A partir daí, passado este necessário recorte, é que se entende como acertado o conceito para entender o lawfare, que é dado por Lenio Streck[6], que o define como sendo a “construção fraudulenta do raciocínio jurídico para perseguir fins politicamente orientados”. A reflexão acima é acertada por justamente entender o maior problema que envolve o tema: a falta de Direito no lawfare, pois só é crível conceber o surgimento do lawfare se não houver o Direito.

Superada então a tentativa de construção conceitual sobre o lawfare e partindo do paradigma dado por Streck — da construção fraudulenta do raciocínio jurídico —, é que se tenta responder ou refletir sobre como o lawfare conseguiu ser alçado a este certo protagonismo que vem alcançando no Direito brasileiro.

Esta construção fraudulenta do raciocínio jurídico pode ser vista como o (mau)uso da lei como instrumento de guerra, que visa aniquilar a quem se tem como inimigo. Mas a grande questão posta aqui é que o lawfare, como um agir estratégico, por assim dizer, só existe porque seguramente falta o Direito, pois se o Direito é o mecanismo de contenção do poder, jamais numa ótica de um Estado Democrático de Direito, poderia ser concebível a criação ou o uso do lawfare como estratégia.
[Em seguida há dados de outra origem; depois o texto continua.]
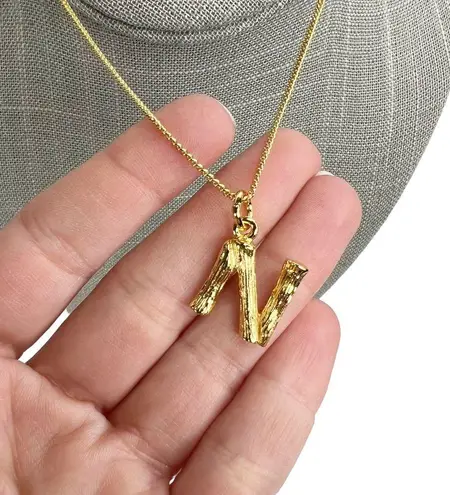 New Chainspro N Initial Monogram Wood Look Gold Tone Chain Necklace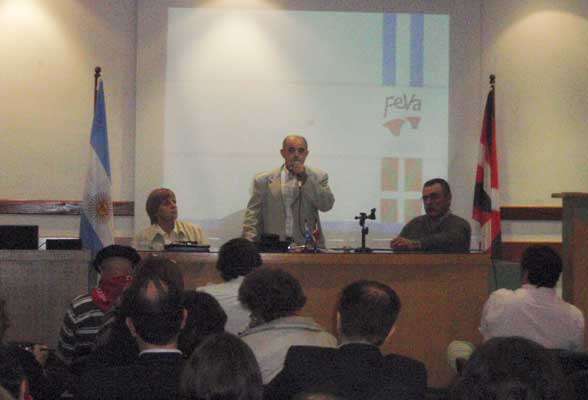 Autoridades de FEVA que llevaron adelante la reunión: Marta Abarrategui, secretaria; Ricardo Basterra, presidente; y Hugo Andiazabal, tesorero (reportaje fotográfico EuskalKultura.com)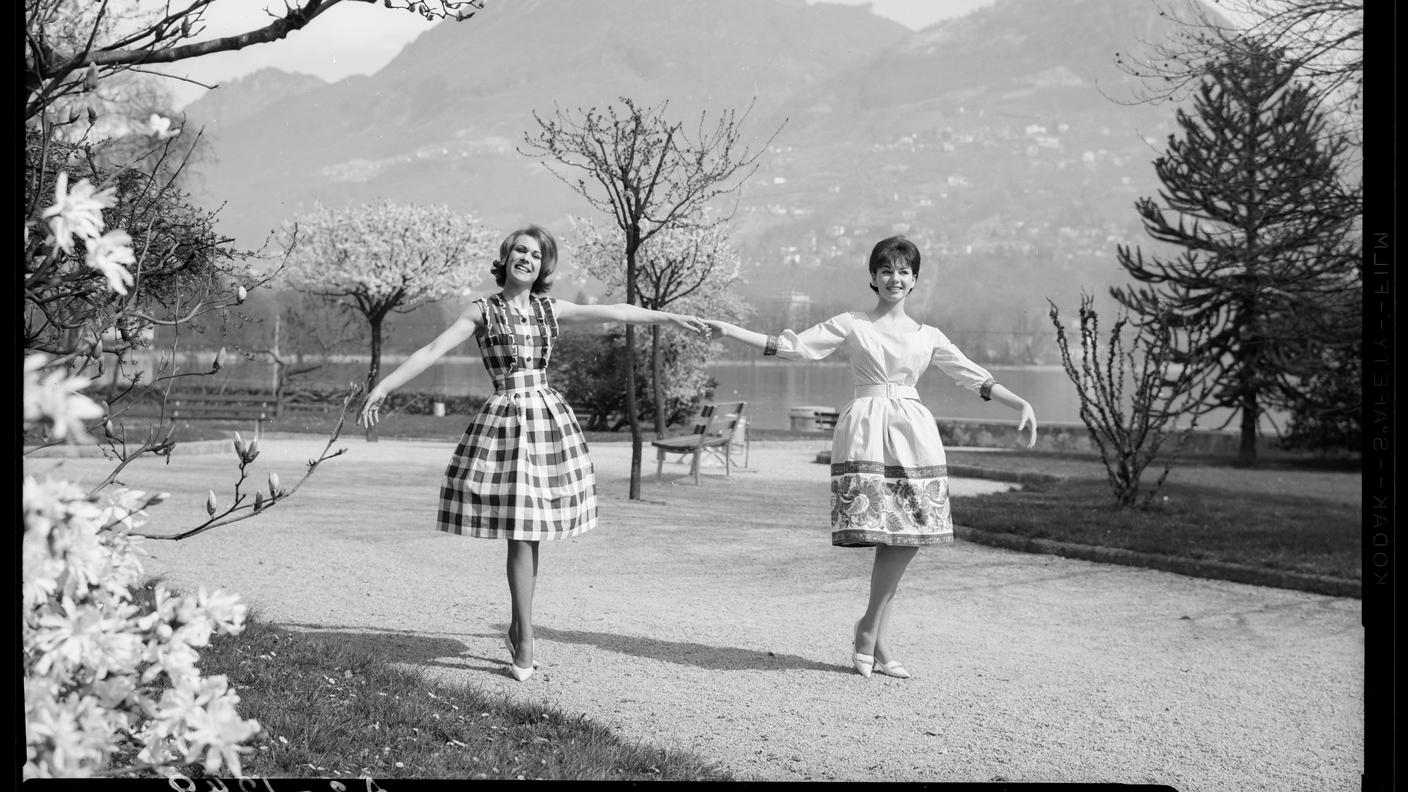 Modelle ai giardini del Belvedere a Lugano, 1961 - dalla mostra fotografica "Vincenzo Vicari. Lugano e la moda"
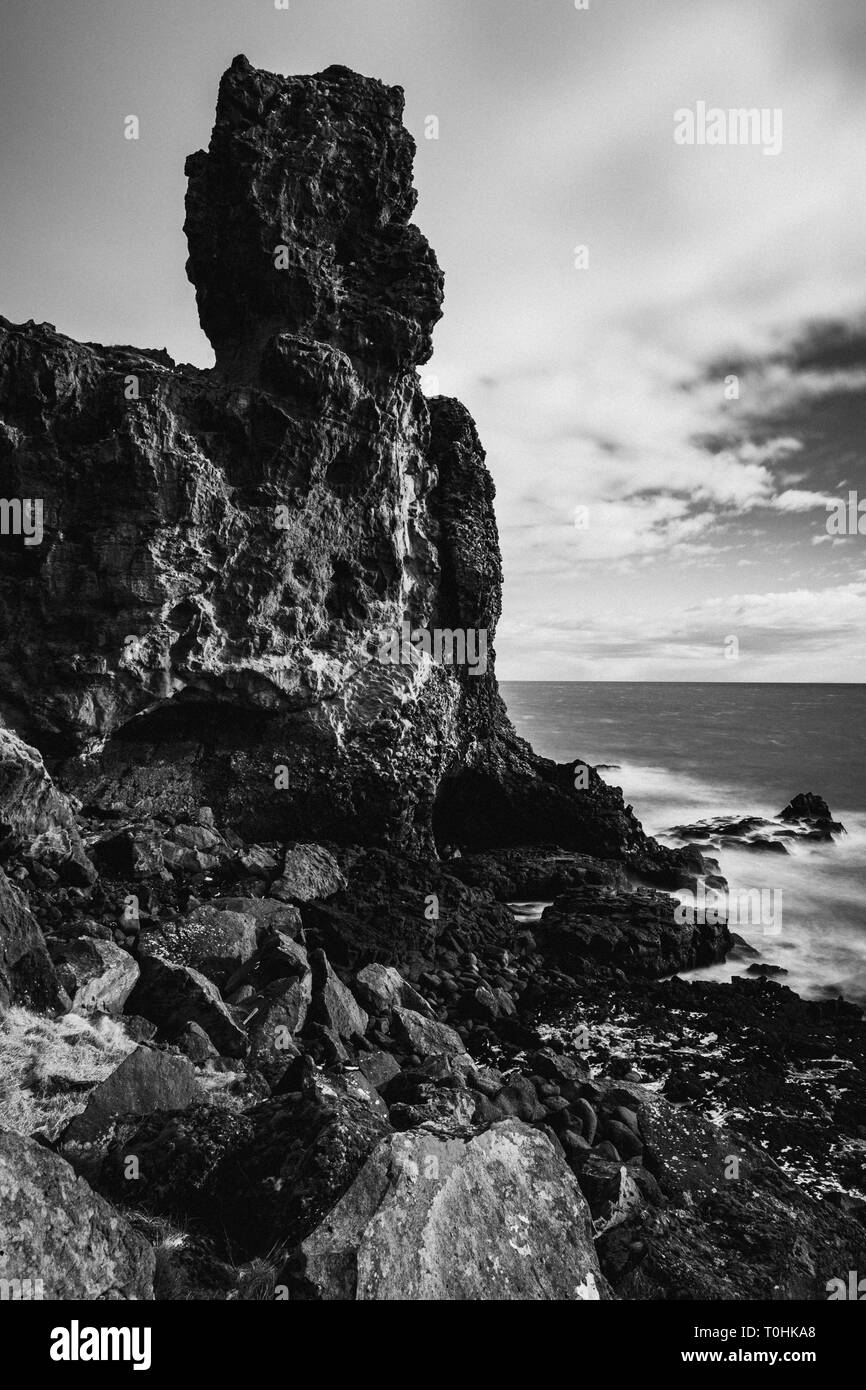Up Close and Personal avec Londrangar, un rocher Pinnacle West l'Islande. La roche est fier de la côte contre les intempéries. Banque D'Images
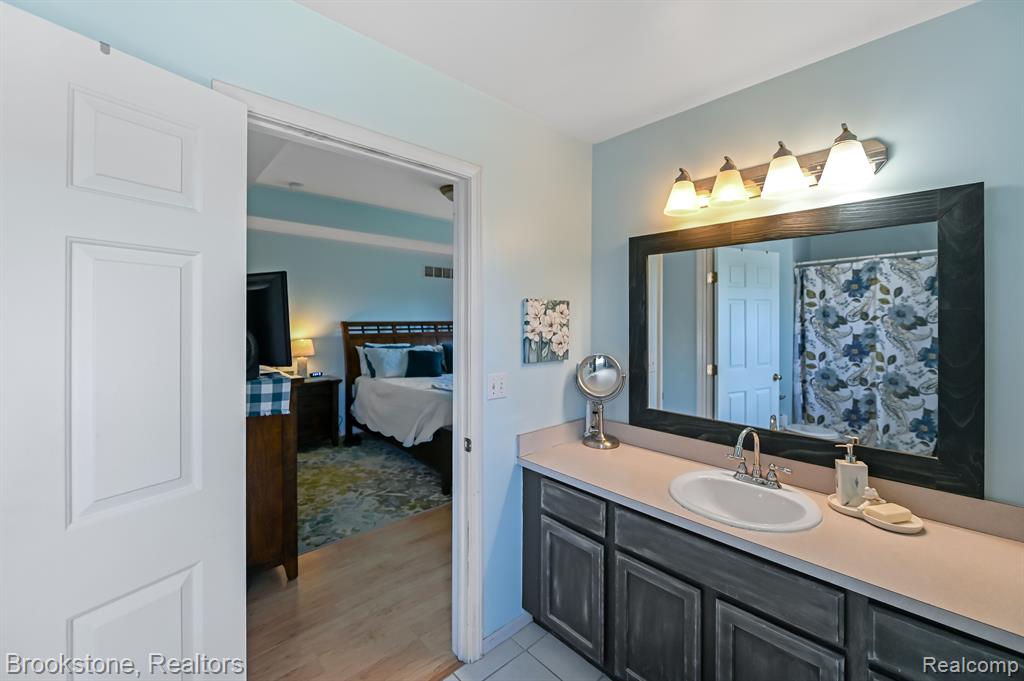 8344 DEER CREEK Court, Grand Blanc, MI 48439 — Photo 17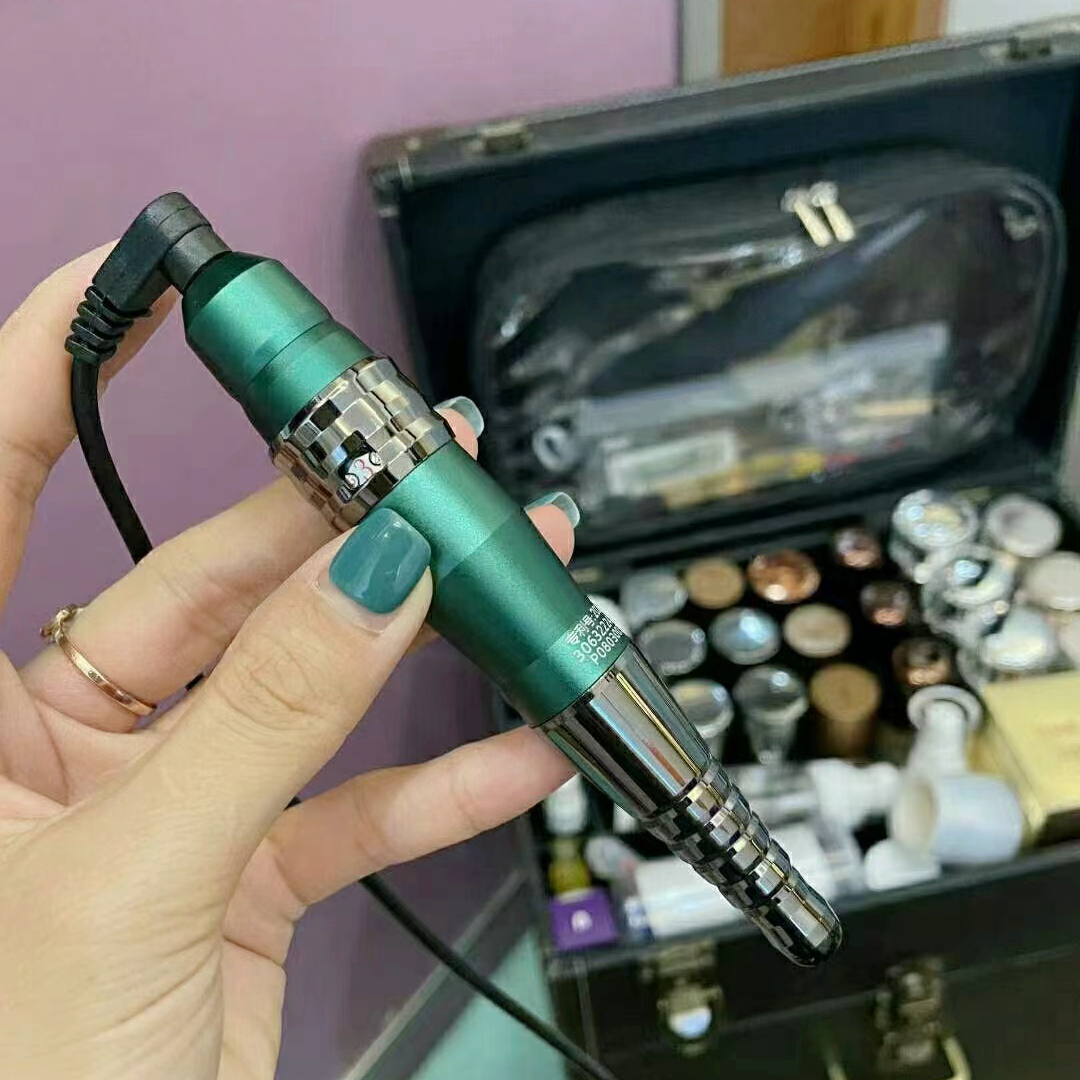 สีเขียว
O Direito, que tem o objetivo de conter o poder, surge justamente para evitar que se faça uso da lei como instrumento de perseguição, pois o Direito está para conter os anseios antidemocráticos de quem tem o poder de acusar, julgar ou investigar. Ou seja, se há lawfare é porque falta o Direito e por isso, o conceito de lawfare não pode passar pela concepção de que seria o uso da lei (ou do Direito) como um instrumento de guerra, e por isso que só há como conceber este fenômeno como sendo este sequestro retórico que tenta iludir que é possível manipular a lei, matando, por conseguinte, o Direito.

Nesta constante tentativa de se matar o Direito — afinal, quem tem o seu poder contido tenta sempre eliminar quem o limita — vem então o lawfare, entre tantos outros predadores que já existem, tentando assumir este protagonismo de tentar aniquilar o Direito. Tentando entrar nesta metáfora da Guerra, imposta pela gramática do lawfare, pressupõe-se que a Constituição é a arma (ou o antídoto) para que não se aniquile o Direito, pois a história sempre mostra o inevitável: quem hoje aplaude o tiro, amanhã é alvejado sem nem saber mais saber de onde vem a bala. Que a nossa guerra seja para que o Direito mais uma vez resista a estes ataques e consiga, ao fim, conter mais uma vez o seu mau uso, pois esta é a garantia intrínseca ao Direito e à sua autonomia.

[1] DUNLAP JR., Charles J. Lawfare today and tomorrow. International Law and Changing Character of War. Disponível em https://scholarship.law.duke.edu/faculty_scholarship/2465/

[2] SANTORO, Antonio Eduardo R., LUCERO, Natalia. Lawfare Brasileiro. Belo Horizonte: Editora D’Plácido, 2019. p. 32.

[3] ZANIN MARTINS, Cristiano. ZANIN MARTINS, Valesta Teixeira. VALIM, Rafael. Lawfare: uma introdução. São Paulo: Editora Contracorrente, 2019. p. 21.

[4] Para tanto recomenda-se a leitura do capítulo 2, do livro Introdução à Teoria e à Filosofia do Direito. ABBOUD, Georges; CARNIO, Henrique Garbellini; TOMAZ DE OLIVEIRA, Rafael. São Paulo: Editora Revista dos Tribunais, 2015.

[5] É perigoso (não) defender limites à atuação do Poder Judiciário nos dias atuais?. Disponível em: https://www.conjur.com.br/2020-set-19/perigoso-nao-defender-limites-atuacao-judiciario#_ftn14

[6] STRECK, Lenio Luiz. Enciclopédia do golpe – Vol. 1. Bauru: Canal 6, 2017. p. 119.